La postière de Gilles Carle

  • 1990 La terre est une pizza de Gilles Carle 

La milliardaire de Jacques Ertaud 

  • 1989 La terre est une pizza de Gilles Carle
  • 1987 Vive Québec! de Gilles Carle
  • 1986 La Guêpe de Gilles Carle
  • 1985 O Picasso de Gilles Carle

Le dernier havre de Denise Benoit

  • 1984 Cinéma Cinéma de Gilles Carle et Werner Nold 

Le Parc de Raymond Dupuis

L’espoir que demain, ça aille mieux

Un jour, on m’a dit : « Chloé, tu es une aidante ». Je ne le savais pas. Je faisais simplement l’acte ordinaire de quelqu’un qui aime. J’aimais Gilles, mon support allait de soi. Il ne s’agissait pas de compassion.

On devient un aidant, je l’ai appris par la force des choses, le jour où je suis devenue indispensable pour Gilles. Je n’aurais jamais cru possible cette définition de moi-même.

Enfant, je ne rêvais pas d’être infirmière, ni médecin, ni missionnaire. Je ne croyais pas avoir ça en moi. Et qu’est-ce que ce ça? Une force? Si oui, laquelle?

Gilles disait avoir « l’espoir que demain, ça aille mieux ». L’aidant aussi porte en lui cet espoir du lendemain.

Le Taon

« C’était par une fin d’après-midi d’été quand le temps se donne un temps d’arrêt sous un ciel apaisé où il fait bon flâner un peu. Rien ne pouvait survenir. Quand tout à coup, de la chaise où Gilles repose, paralysé, se fait entendre un raclement de gorge. Je tourne la tête et aperçoit ses doigts tremblants qui tentent de se mouvoir.

Mais que se passe-t- il? Subitement, le préposé dirige sa main vers la joue de Gilles avec rapidité et clac dans l’air… lui frôle la tête sans le toucher. C’était un de ces gros taons qui s’était posé sur son visage et avait commencé à le piquer laissant une grosse rougeur sanguine.

Je n’oublierai jamais les yeux de Gilles exprimant une rage lointaine où se confondait un mélange de reconnaissance et d’impuissance.

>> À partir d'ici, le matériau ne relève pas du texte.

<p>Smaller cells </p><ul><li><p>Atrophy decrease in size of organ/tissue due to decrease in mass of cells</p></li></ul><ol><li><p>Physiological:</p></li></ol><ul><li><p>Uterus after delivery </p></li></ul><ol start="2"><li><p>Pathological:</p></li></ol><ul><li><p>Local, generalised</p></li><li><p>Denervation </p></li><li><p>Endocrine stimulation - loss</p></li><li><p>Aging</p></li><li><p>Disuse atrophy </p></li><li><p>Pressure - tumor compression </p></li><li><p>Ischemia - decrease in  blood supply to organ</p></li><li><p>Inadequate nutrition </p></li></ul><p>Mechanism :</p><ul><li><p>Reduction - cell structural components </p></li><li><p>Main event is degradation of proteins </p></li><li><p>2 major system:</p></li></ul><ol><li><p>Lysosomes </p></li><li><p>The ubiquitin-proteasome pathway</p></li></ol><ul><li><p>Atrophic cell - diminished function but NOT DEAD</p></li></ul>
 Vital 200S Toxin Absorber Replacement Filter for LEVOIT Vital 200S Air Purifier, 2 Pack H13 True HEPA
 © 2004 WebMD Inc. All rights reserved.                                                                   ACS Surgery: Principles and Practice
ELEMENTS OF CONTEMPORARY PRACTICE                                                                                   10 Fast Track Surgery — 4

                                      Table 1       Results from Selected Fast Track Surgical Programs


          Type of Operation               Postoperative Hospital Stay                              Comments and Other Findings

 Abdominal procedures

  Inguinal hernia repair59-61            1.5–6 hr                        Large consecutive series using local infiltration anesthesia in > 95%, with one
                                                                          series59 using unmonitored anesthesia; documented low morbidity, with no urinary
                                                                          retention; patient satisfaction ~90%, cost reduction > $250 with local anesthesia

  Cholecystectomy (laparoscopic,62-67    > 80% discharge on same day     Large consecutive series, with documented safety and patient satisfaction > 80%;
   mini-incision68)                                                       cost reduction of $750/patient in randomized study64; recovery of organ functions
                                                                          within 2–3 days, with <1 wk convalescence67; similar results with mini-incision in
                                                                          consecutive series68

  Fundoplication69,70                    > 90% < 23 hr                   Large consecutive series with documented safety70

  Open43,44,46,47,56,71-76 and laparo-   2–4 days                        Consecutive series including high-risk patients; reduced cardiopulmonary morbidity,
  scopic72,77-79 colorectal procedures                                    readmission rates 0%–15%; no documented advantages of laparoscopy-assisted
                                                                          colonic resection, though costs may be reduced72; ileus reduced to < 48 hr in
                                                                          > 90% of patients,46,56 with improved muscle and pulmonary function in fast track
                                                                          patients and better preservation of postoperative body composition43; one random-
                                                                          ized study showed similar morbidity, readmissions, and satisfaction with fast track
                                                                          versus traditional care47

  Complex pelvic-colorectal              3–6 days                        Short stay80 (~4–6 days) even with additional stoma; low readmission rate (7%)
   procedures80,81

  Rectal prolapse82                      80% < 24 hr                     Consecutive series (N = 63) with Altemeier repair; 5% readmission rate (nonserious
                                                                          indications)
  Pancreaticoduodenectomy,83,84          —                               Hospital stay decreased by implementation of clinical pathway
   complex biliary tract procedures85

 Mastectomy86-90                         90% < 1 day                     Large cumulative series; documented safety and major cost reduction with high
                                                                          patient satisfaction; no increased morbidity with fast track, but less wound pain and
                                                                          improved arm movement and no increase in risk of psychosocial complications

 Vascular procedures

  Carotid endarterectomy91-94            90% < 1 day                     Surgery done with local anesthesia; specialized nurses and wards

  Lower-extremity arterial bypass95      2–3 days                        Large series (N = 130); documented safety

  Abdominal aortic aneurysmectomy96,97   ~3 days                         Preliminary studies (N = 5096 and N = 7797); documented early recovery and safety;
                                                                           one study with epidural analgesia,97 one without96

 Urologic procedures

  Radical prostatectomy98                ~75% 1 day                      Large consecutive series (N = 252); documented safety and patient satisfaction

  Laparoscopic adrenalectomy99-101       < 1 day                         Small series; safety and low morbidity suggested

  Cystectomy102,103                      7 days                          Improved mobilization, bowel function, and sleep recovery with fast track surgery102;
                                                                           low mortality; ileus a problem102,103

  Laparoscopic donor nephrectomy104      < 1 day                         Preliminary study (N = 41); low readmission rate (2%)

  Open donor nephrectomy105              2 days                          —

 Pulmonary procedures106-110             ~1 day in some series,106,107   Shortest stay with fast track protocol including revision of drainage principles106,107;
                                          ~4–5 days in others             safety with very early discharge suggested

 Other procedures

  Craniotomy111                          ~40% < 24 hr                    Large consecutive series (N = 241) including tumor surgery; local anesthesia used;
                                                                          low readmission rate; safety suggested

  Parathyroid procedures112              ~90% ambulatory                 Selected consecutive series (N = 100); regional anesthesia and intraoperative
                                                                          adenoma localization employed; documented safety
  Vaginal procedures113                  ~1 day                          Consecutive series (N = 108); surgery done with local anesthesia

Ah! Quel niveau de dépendance ne faut-il pas atteindre quand le corps refuse d’obéir à l’esprit!

Oui, dites-moi. Qui va enlever le taon qui s’apprête à piquer le malade qui demeure sans aide?

C’est pourquoi il fallait créer des maisons.

Pour qu’en notre absence, il y ait quelqu’un d’autre pour enlever le taon. »

Lettre de Chloé à Gilles

Comment aurait-on pu imaginer qu’au début de notre relation amoureuse ton nom, Gilles, qui depuis toujours était associé à tes films, tes photos, tes peintures, un jour serait associé à une maison de répit? La maladie fait mentir le destin. Cette leçon, ton corps l’a apprise bien malgré lui. T’auras eu tes 17 ans contre un corps qui ne voulait plus être le tien. Je me souviens avoir vu sur ton visage ton consentement à te laisser partir, après 35 jours sans boire ni manger. C’est à tes dépends que les souffrances atroces que t’a infligé le Parkinson ont fait de toi le symbole de la résilience. Je sais maintenant que c’est ce symbole que tu incarnes aujourd’hui qui t’a permis de mieux vivre avec ta maladie. L’idée que nom rassembleur, mobilisateur puisse permettre un jour aux aidants de prendre du repos, te donnait espoir en la vie. Tu savais trop bien qu’il n’y a rien de mieux qu’un aidant reposé pour rendre plus acceptable, aux yeux d’une personne malade, son supplice.

C’est à travers tes souffrances que nous avons appris ce qu’est d’apprivoiser sa propre finitude. Des situations malheureuses t’en as vécu, c’est vrai, mais t’en as aussi vécu qui étaient heureuses et jouissives. Rappelle-toi nos séances photos au Carré Saint-Louis, rappelle-toi nos voyages où tu jouais de la musique à bouche, rappelle-toi l’Île Verte, l’hiver, mon amour. Tout en valait la peine. Comme a écrit Gaston Miron dans La marche à l’amour : «Ta lumière n’a pas fini de m’atteindre.»